Allah memperhatikan segala sesuatu termasuk memperhatikan kehidupan manusia dalam menegakkan sopan santun yang bisa memperkuat hubungan persaudaraan antara sesama mereka.
Sejalan dengan ayat itu terdapat hadis-hadis sebagai berikut:

عَنْ أَبِي هُرَيْرَةَ قَالَ رَسُوْلُ اللهِ صَلَّى الله ُعَلَيْهِ وَسَلَّمَ: يُسَلِّمُ الرَّاكِبُ عَلىَ الْمَاشِى وَالْمَاشِى عَلىَ الْقَاعِدِ وَالْقَلِيْلُ عَلَى الْكَثِيْرِ وَالصَّغِيْرُ عَلَى الْكَبِيْرِ (رواه البخاري ومسلم)

Dari Abu Hurairah berkata, Rasulullah saw bersabda, “Hendaklah orang yang berkendaraan memberi salam kepada orang yang berjalan kaki, dan orang yang berjalan kaki memberi salam kepada orang yang duduk, kelompok orang yang sedikit memberi salam kepada kelompok yang banyak, kelompok orang yang muda memberi salam kepada kelompok yang tua.” (Riwayat al-Bukhārī dan Muslim).

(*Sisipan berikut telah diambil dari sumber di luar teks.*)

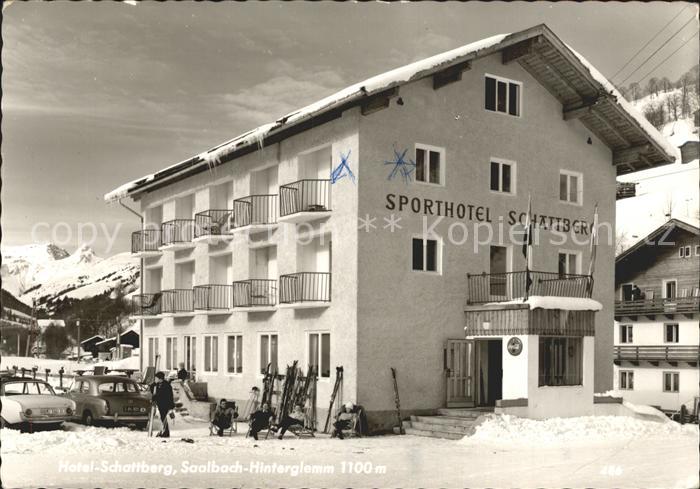 Saalbach-Hinterglemm Hotel Schaettberg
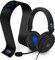 STEALTH C6-100 Blue Gaming Over-Ear Headset with Stand and Flexible Microphone for PC, Mobile & Tablet, Xbox One, PS4, Nintendo Switch, Comfortable and Durable, 3.5mm Audio Jack, 1.5m Cable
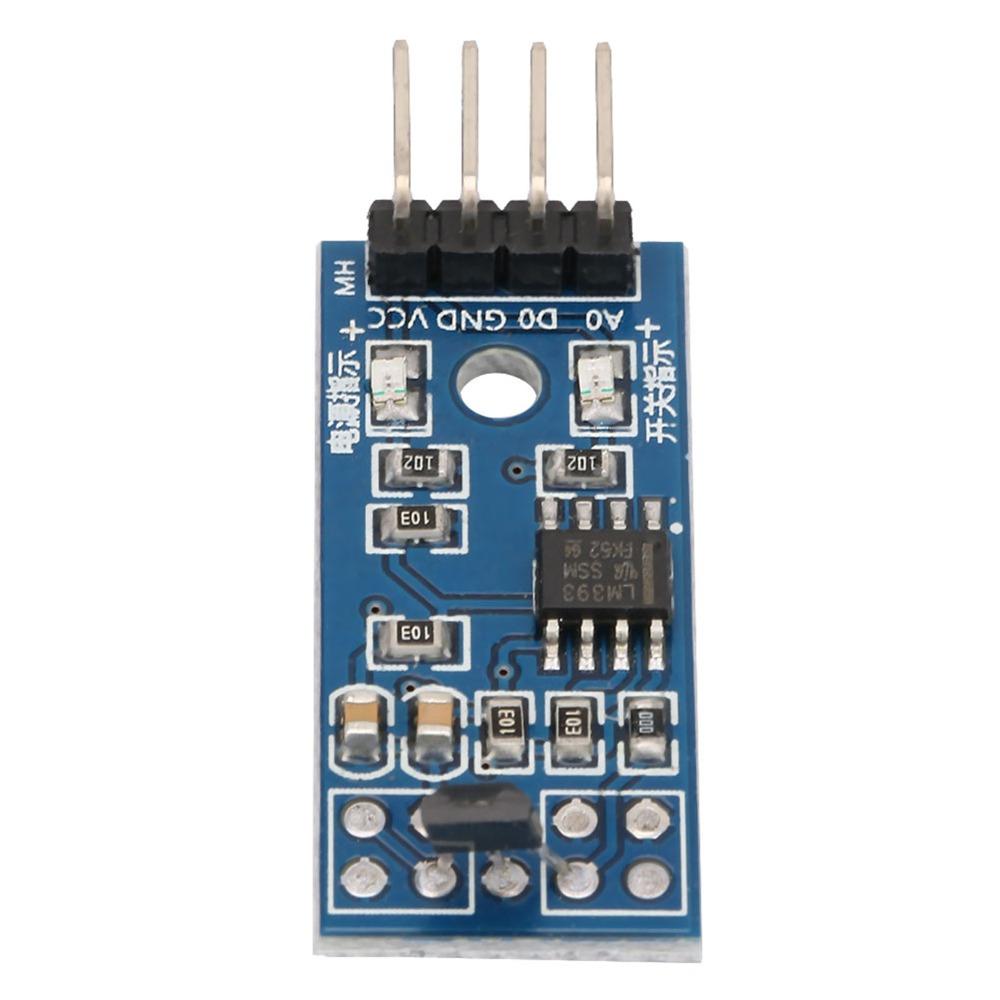 5Pcs 3144E Magnetic Detector 3.3-5V Hall Switch Hall Effect Sensor  for DIY Smart Car Circuits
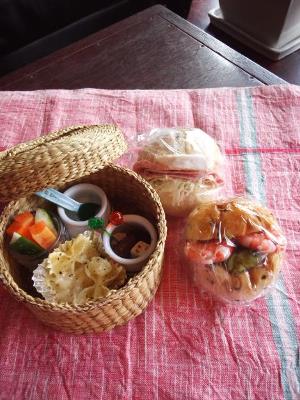 おでかけチーズ弁当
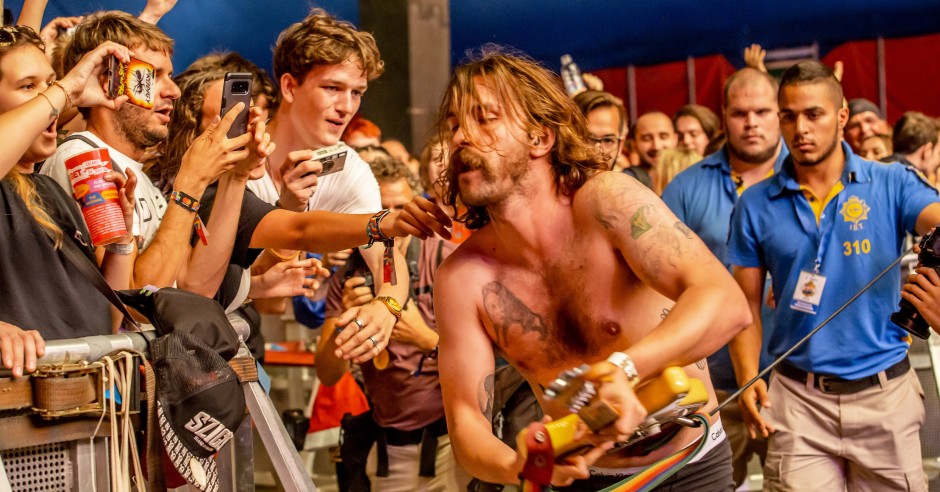 Bekijk de Sziget 2019 - dinsdag foto's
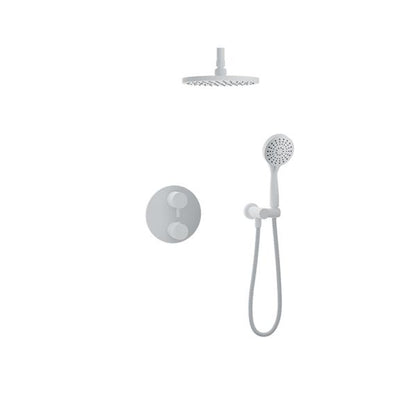 Baril - Zip B66 Trim only for thermostatic pressure-balanced shower kit
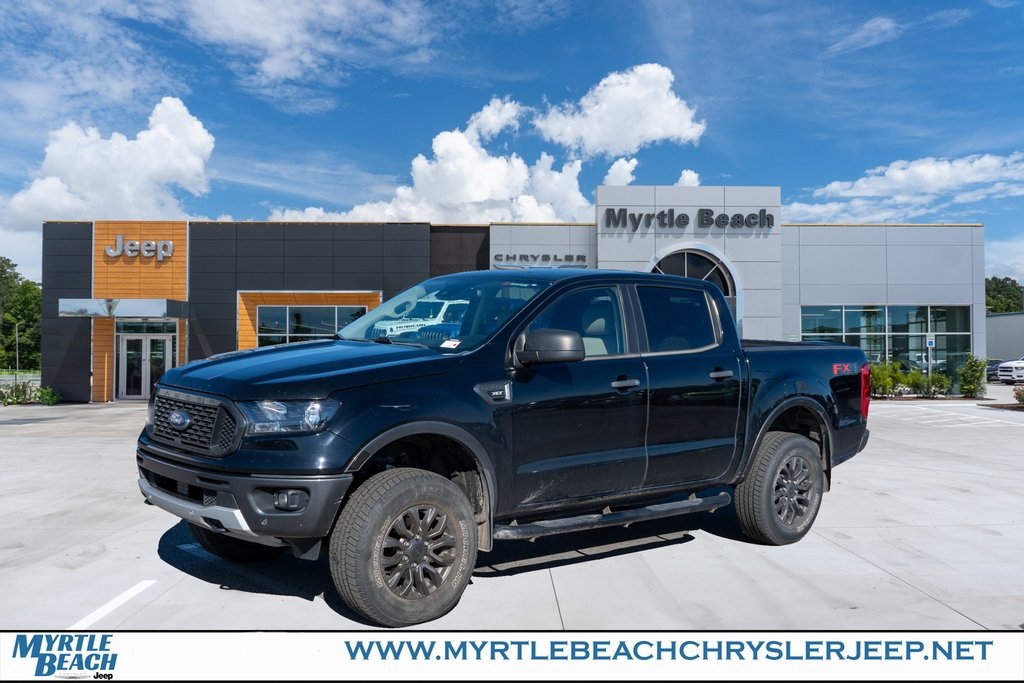 2019 Ford Ranger XLT's photo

عَنْ عَبْدِ اللهِ بْنِ عَمْرو قَالَ: اِنَّ رَجُلاً سَأَلَ النَّبِيُّ صَلَّى الله ُعَلَيْهِ وَسَلَّمَ: اَيُّ اْلاِسْلاَمِ خَيْرٌ؟ قَالَ تُطْعِمُ الطَّعَامِ وَتَقْرَأَ السَّلاَمَ عَلىَ مَنْ عَرَفْتَ وَمَنْ لَمْ تَعْرِفْ (رواه البخاري ومسلم)

Dari Abdullah bin ‘Amr, dia berkata, “bahwasannya seseorang bertanya kepada Rasulullah, mana ajaran Islam yang terbaik? Rasulullah saw menjawab, “(yaitu) memberi makan (kepada fakir miskin) dan memberi salam kepada orang yang engkau kenal dan orang yang belum engkau kenal. (Riwayat al-Bukhārī dan Muslim).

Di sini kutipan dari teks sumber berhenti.